Date of Award

Fall 2021

Publication Type

Thesis

Degree Name

M.A.Sc.

Department

Computer Science

First Advisor

A.Sarkar

Second Advisor

P. Zadeh

Third Advisor

C. Ezeife

Keywords

Data Scientist, Machine Learning, Python Development, Research and Development, Software Developer

Rights

info:eu-repo/semantics/openAccess

Creative Commons License

Creative Commons Attribution 4.0 International License
This work is licensed under a Creative Commons Attribution 4.0 International License.

Abstract

Existing OM systems like CONE take a partial historical rating of users on multiple products and perform opinion estimation to maximizes overall positive opinions using OM. However, CONE does not consider actual user opinions from social posts where users provide opinions through comments, likes and sharing about a product. OBIN mines users' low-frequency features from comments to create a community preference influence network utilizing user response on posts and relationships between them. However, OBIN only performs feature-level opinion mining and does not consider a joint approach that combines sentence-level and feature-level to remove subjective reviews and includes slang words and emoticons, which users often use over the internet. Also. OBIN discovers community preference but does not perform OM, which is more profitable to the seller when introducing a product in the market. The limitation of CONE and OBIN is that they consider opinion mining and maximization as separate subtasks that require more training time and do not consider community opinion, influence among the community users, nor use opinion maximization on their network to minimize viral marketing budget for selecting most influential nodes.
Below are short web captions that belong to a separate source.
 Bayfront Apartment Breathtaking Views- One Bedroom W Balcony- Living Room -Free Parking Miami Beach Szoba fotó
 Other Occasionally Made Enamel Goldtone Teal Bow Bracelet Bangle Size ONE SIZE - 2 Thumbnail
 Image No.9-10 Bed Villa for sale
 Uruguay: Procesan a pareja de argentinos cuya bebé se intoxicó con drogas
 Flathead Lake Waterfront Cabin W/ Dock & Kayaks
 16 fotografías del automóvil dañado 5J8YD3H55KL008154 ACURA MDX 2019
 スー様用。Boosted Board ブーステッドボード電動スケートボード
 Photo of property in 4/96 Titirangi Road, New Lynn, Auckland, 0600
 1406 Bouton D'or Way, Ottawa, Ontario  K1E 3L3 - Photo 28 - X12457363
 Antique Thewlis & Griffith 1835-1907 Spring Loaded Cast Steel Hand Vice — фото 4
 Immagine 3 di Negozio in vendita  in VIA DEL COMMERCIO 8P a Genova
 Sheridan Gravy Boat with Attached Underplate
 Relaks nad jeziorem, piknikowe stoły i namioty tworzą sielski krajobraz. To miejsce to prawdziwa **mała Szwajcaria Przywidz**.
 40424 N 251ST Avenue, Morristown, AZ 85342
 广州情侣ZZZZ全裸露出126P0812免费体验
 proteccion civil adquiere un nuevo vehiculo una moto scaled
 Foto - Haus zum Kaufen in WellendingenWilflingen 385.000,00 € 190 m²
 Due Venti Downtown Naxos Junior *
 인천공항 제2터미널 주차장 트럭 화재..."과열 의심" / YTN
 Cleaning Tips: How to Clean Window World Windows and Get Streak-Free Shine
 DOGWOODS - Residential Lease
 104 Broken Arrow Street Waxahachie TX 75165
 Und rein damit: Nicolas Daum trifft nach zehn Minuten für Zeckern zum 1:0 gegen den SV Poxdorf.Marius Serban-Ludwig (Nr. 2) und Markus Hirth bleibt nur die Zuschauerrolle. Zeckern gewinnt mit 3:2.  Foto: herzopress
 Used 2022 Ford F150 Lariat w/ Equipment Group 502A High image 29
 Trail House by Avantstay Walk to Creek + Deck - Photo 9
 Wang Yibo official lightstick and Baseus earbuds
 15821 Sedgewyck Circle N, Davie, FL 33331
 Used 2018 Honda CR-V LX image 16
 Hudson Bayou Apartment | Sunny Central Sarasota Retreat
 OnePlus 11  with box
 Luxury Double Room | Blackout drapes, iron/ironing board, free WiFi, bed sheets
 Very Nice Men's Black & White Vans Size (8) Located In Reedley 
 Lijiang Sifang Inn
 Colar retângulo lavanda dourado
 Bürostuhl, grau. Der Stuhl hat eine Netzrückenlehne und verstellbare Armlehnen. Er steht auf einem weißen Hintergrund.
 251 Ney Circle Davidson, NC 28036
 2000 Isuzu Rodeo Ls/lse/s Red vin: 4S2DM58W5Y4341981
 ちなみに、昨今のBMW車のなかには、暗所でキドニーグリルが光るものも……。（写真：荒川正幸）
This thesis proposes Active Community Opinion Network Mining and Maximization (ACOMax), an extension of the OBIN system that adds active OM and joint opinion mining for solving two tasks (feature and sentence opinion mining) to enhance the model's accuracy by reducing training time. ACOMax first performs mining of multiple posts related to the product using TwitterAPI while considering relationships between users. Second, opinion mining (positive and neutral) from user reviews on selected posts to perform (i) Sentence-level mining to determine the overall positive sentiment of subjective opinions using VADER. (ii) feature-level opinion mining to extract frequent features with a favourable opinion about the product using the Apriori algorithm. Third, construct an opinion network graph of users who share positive opinions from (ii) to be utilized by the seller to actively select top k seed users with maximum opinion spread under Multiple Linear Threshold (MLT) for opinion maximization. To evaluate our model's performance, we extracted real-time user data using TwitterAPI. Our proposed model (ACOMax) outperforms previous models for total opinion spread in terms of F1 and Accuracy with the help of joint opinion mining and solves the cold start problem of CONE, and improves the total opinion spread in a social network.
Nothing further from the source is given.